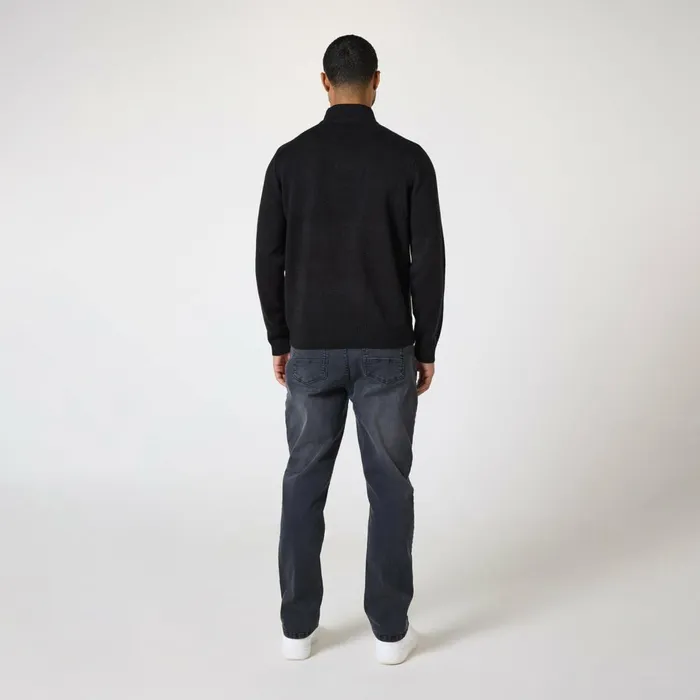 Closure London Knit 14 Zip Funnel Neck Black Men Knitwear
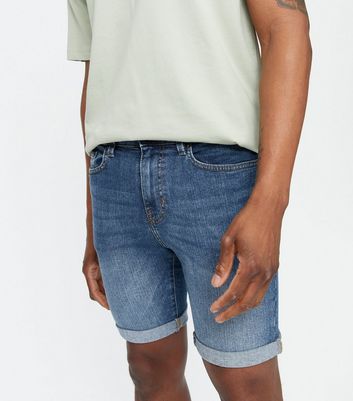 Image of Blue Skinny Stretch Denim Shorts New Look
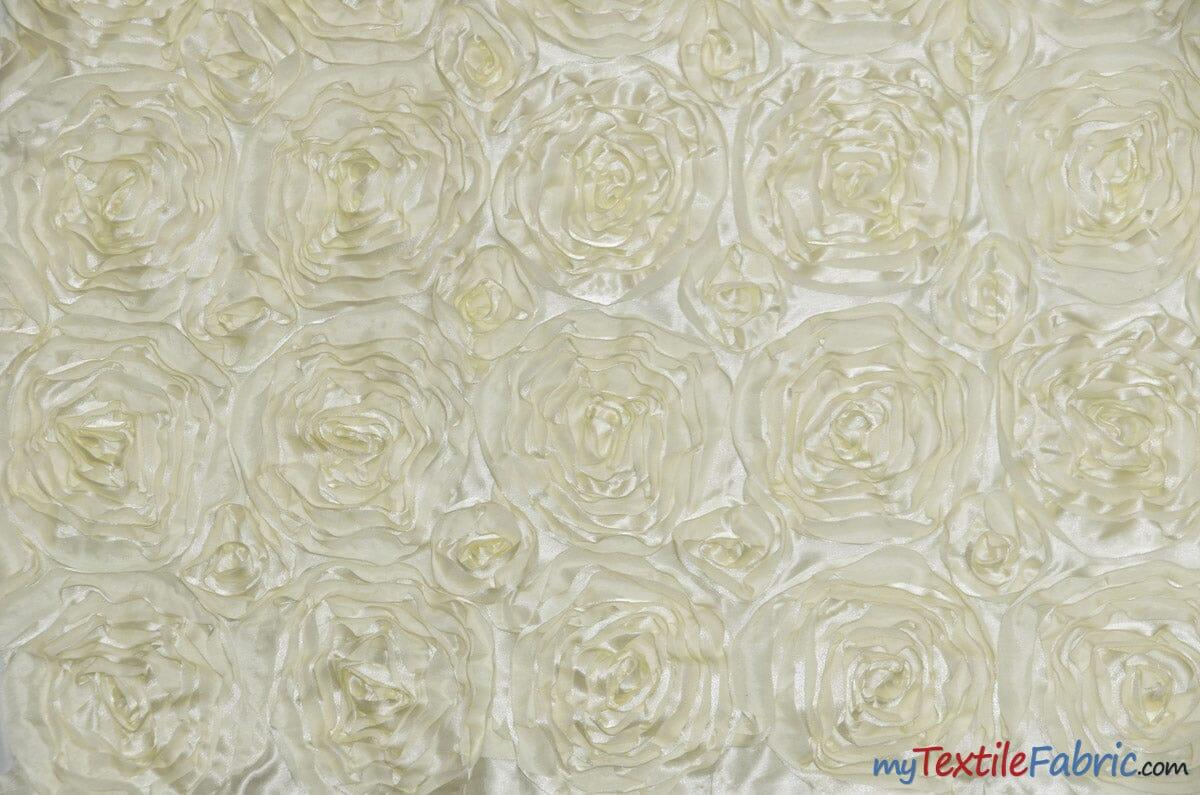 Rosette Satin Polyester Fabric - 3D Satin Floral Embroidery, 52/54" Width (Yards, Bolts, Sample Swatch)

**Problem to work on:** Print the material again word for word. Please drop every picture.

**Solution for this task:**
 Closure London Knit 14 Zip Funnel Neck Black Men Knitwear
 Image of Blue Skinny Stretch Denim Shorts New Look
 Rosette Satin Polyester Fabric - 3D Satin Floral Embroidery, 52/54" Width (Yards, Bolts, Sample Swatch)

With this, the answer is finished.